Implementing robust outlier detection to enhance estimation accuracy of GNSS-IR based seasonal snow depth retrievals

Altuntaş C., Erdoğan B., Tunalıoğlu N.

INTERNATIONAL JOURNAL OF REMOTE SENSING, vol.45, no.11, pp.3648-3663, 2024 (SCI-Expanded)

  • Publication Type: Article / Article
  • Volume: 45 Issue: 11
  • Publication Date: 2024
  • Doi Number: 10.1080/01431161.2024.2349265
  • Journal Indexes: Science Citation Index Expanded (SCI-EXPANDED), Scopus, Academic Search Premier, PASCAL, Aerospace Database, Applied Science & Technology Source, Aqualine, Aquatic Science & Fisheries Abstracts (ASFA), Artic & Antarctic Regions, BIOSIS, CAB Abstracts, Communication Abstracts, Compendex, Computer & Applied Sciences, Environment Index, Geobase, INSPEC, Metadex, Pollution Abstracts, Public Affairs Index, Veterinary Science Database, DIALNET, Civil Engineering Abstracts
  • Page Numbers: pp.3648-3663
  • Yıldız Technical University Affiliated: Yes


Monitoring snow depth variations aligned with the seasonal cycle is crucial for studies on climate change and its impacts due to global warming.
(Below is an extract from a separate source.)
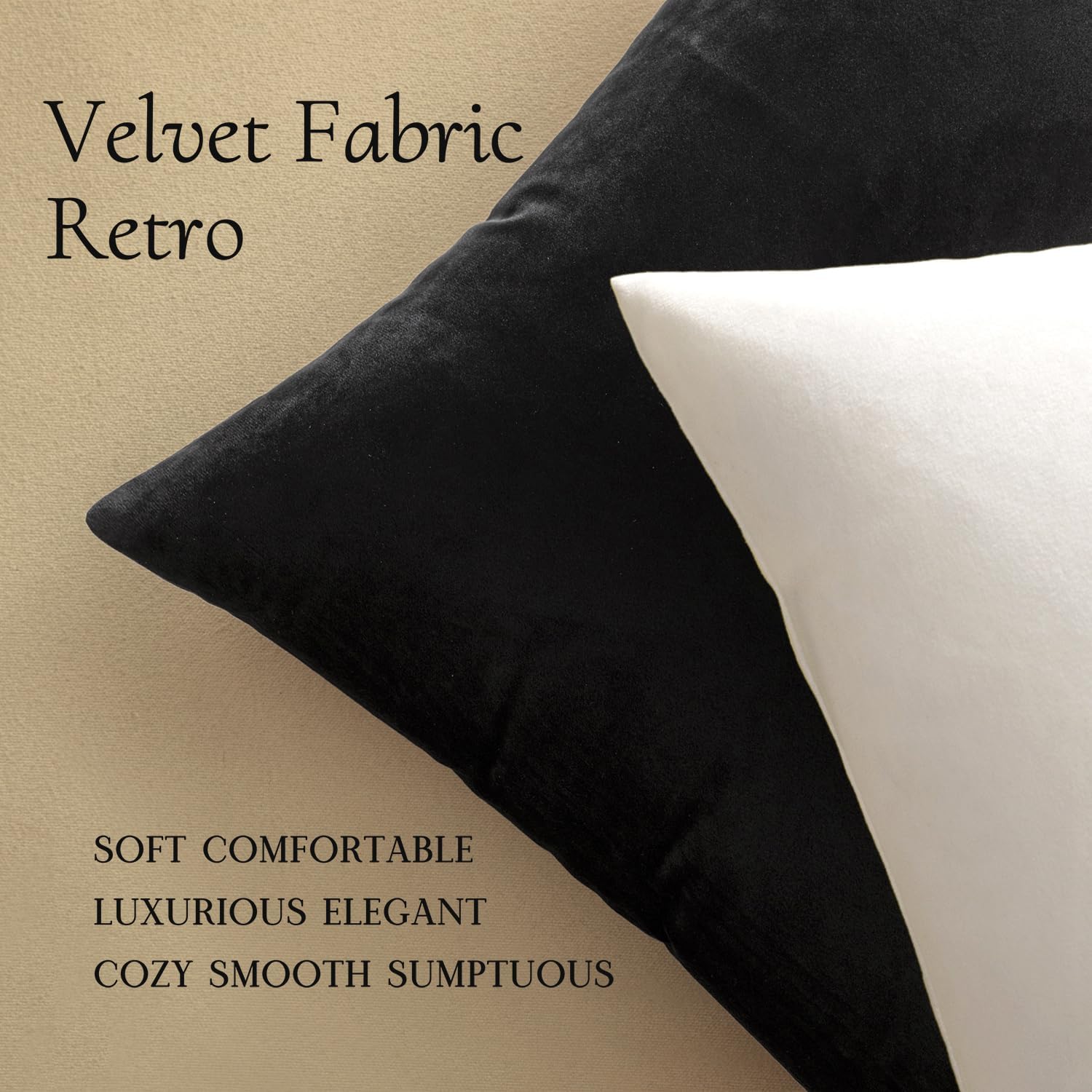 MIULEE Velvet Throw Pillow Covers - Soft Black Decorative 12x12 Inch Cushions | Pack of 2 for Modern Home Decor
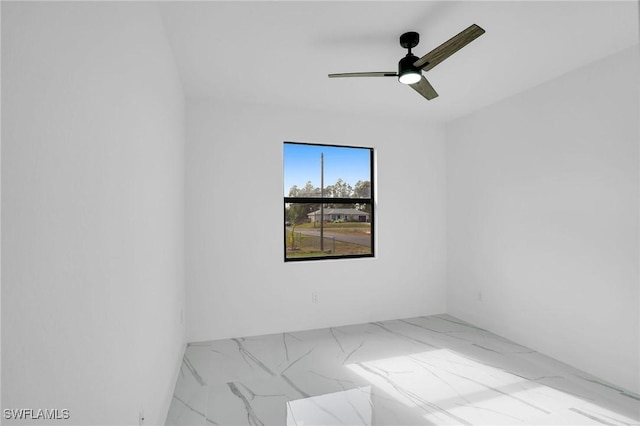 unfurnished room with ceiling fan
Especially in terms of snow hydrology, the determination and continuous monitoring of snow depth to determine snow water equivalent is a priority in climate, water science, drought, flood, and inundation prediction studies, particularly in the water cycle. Recently, the so-called Global Navigation Satellite Systems – Interferometric Reflectometry (GNSS-IR) method enables to extract environmental radiometric and geometric characteristics of surface where the signals transmitted from the satellites reflect. The reflected signal follows an extra path than the direct one and causes a major error source for accurate point positioning but a useful tool for sensing the environment. However, outliers remain a challenge in long-term GNSS-IR estimations. In this study, we proposed a median-based robust outlier detection (ROD) approach for identifying outliers in long-term GNSS-IR snow depth estimations. To validate our approach, we analysed 5-year GNSS L1 SNR and L2 SNR data from 1 January 2015 to 31 December 2019 provided by AB33 and AB39 GNSS stations in Alaska, U.S.A. using the GNSS-IR method. We validated GNSS-IR estimations using snow depth measurements from the Coldfoot and Fort Yukon stations in the SNOTEL network. Applying ROD to long-term snow depth estimates increased the highest correlation from 91.58% to 94.93%, and reduced the lowest RMSE from 8.6 cm to 6.7 cm. In addition, the improvement rates calculated to assess the contribution of ROD to the results showed improvements of up to 6.9% in correlation and 26.1% in RMSE. Overall, the results demonstrate that ROD can be effectively used to detect outliers in long-term GNSS-IR snow depth time series.